Records excerpted from a collection
_____
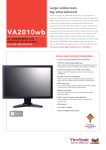 Viewsonic Value Series 20" LCD Monitor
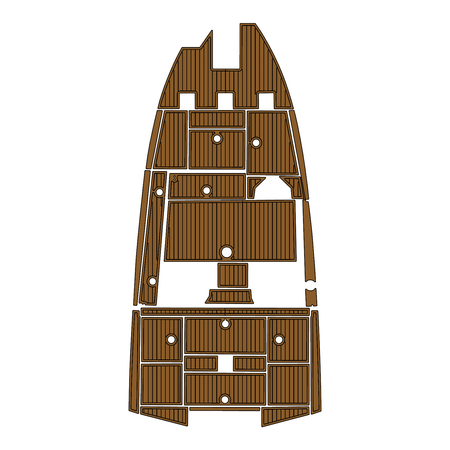 Custom "2023 Avid 18XC" EVA Foam Boat Deck Mat Marine Flooring Marine Boat Decking Yacht Pad HzKaiCun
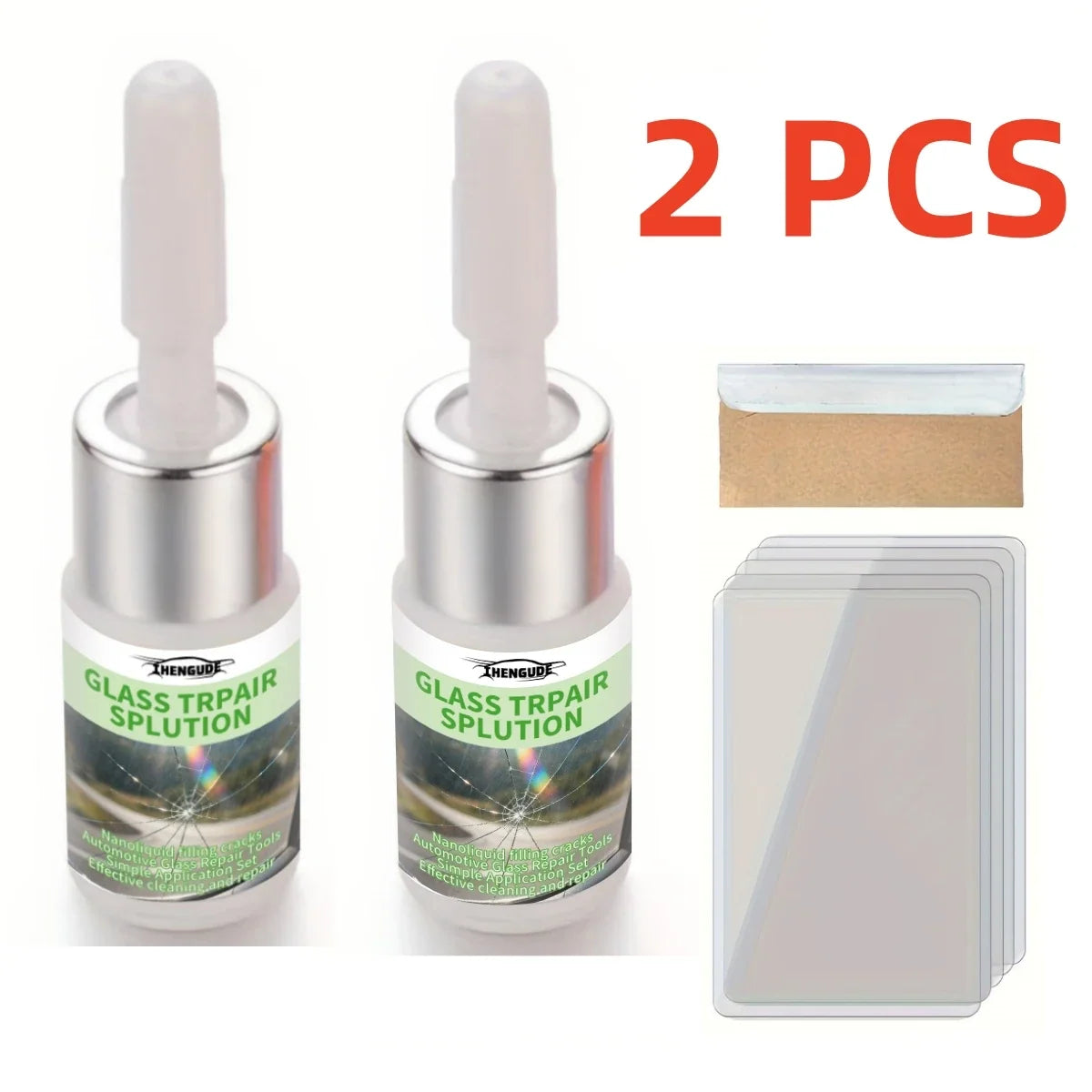 Windshield Crack & Scratch Repair Kit – Auto Glass Fluid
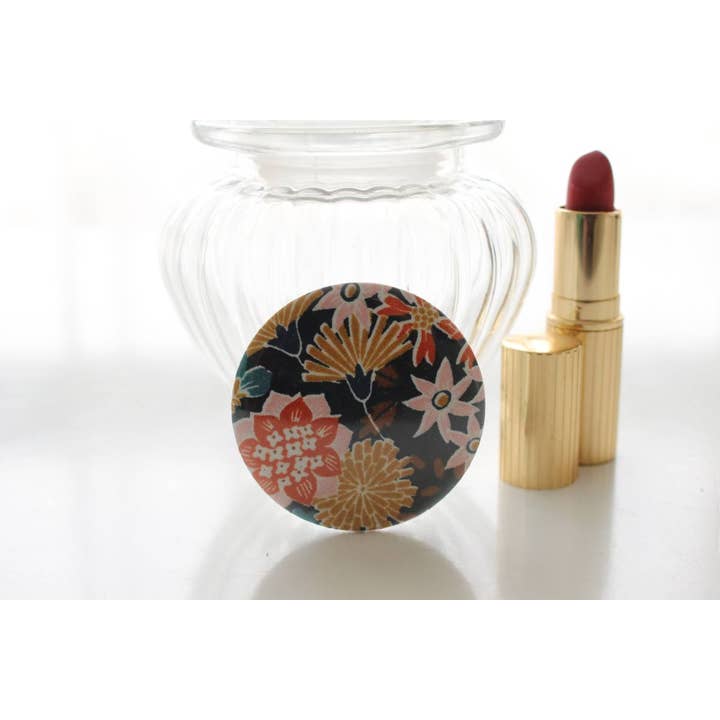 Bella blue garden pocket mirror for wholesale by Sabrina Trefle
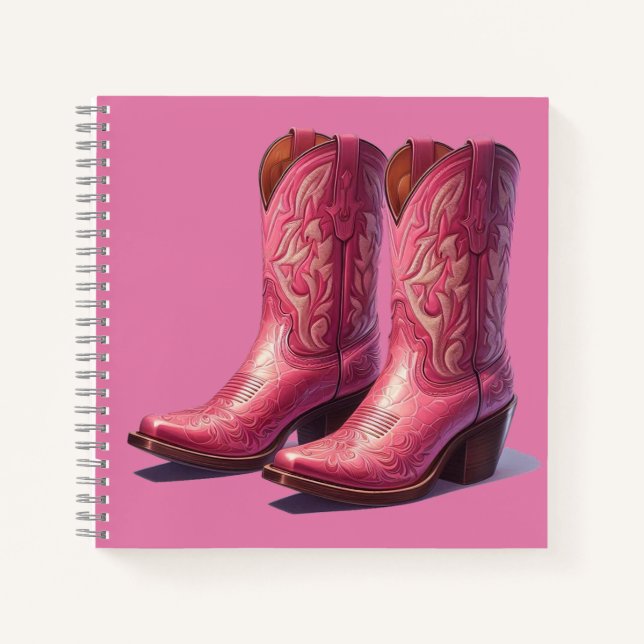 Rosa Stiefel Notebook! Notizbuch (Vorderseite)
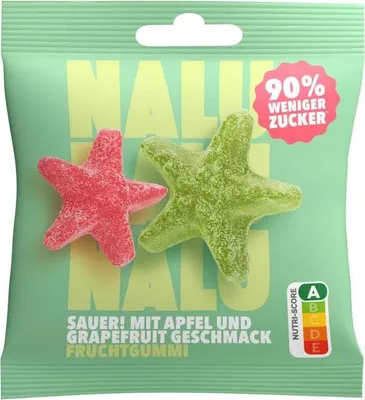 Produktbild von NALU Sauer Apfel & Grapefruit Seesterne 50g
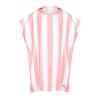 dock & bay adult poncho hooded towel | cabana collection | malibu pink s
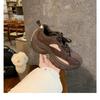 ~ New Sports Style Color Matching Lace-up Heightened Thick-soled Suede Dad Shoes for Women's Autumn and Winter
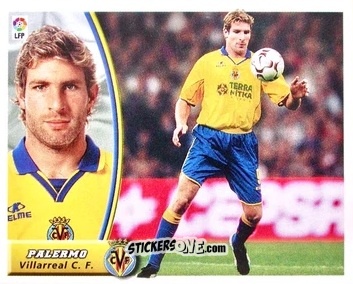 Figurina Palermo - Liga Spagnola 2003-2004 n. 486 - Colecciones ESTE
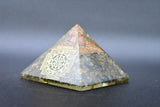 Labradorite Small Pyramid Yantra Symbol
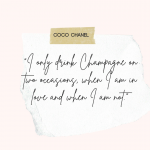 COCO Chanel Quotes Collection blush pink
_____
◆ Brief: Repeat each entry above exactly. Omit the pictures.

◆ Written reply:
 Viewsonic Value Series 20" LCD Monitor
 Custom "2023 Avid 18XC" EVA Foam Boat Deck Mat Marine Flooring Marine Boat Decking Yacht Pad HzKaiCun
 Windshield Crack & Scratch Repair Kit – Auto Glass Fluid
 Bella blue garden pocket mirror for wholesale by Sabrina Trefle
 Rosa Stiefel Notebook! Notizbuch (Vorderseite)
 Produktbild von NALU Sauer Apfel & Grapefruit Seesterne 50g
 dock & bay adult poncho hooded towel | cabana collection | malibu pink s
 ~ New Sports Style Color Matching Lace-up Heightened Thick-soled Suede Dad Shoes for Women's Autumn and Winter
 Figurina Palermo - Liga Spagnola 2003-2004 n. 486 - Colecciones ESTE
 Labradorite Small Pyramid Yantra Symbol
 COCO Chanel Quotes Collection blush pink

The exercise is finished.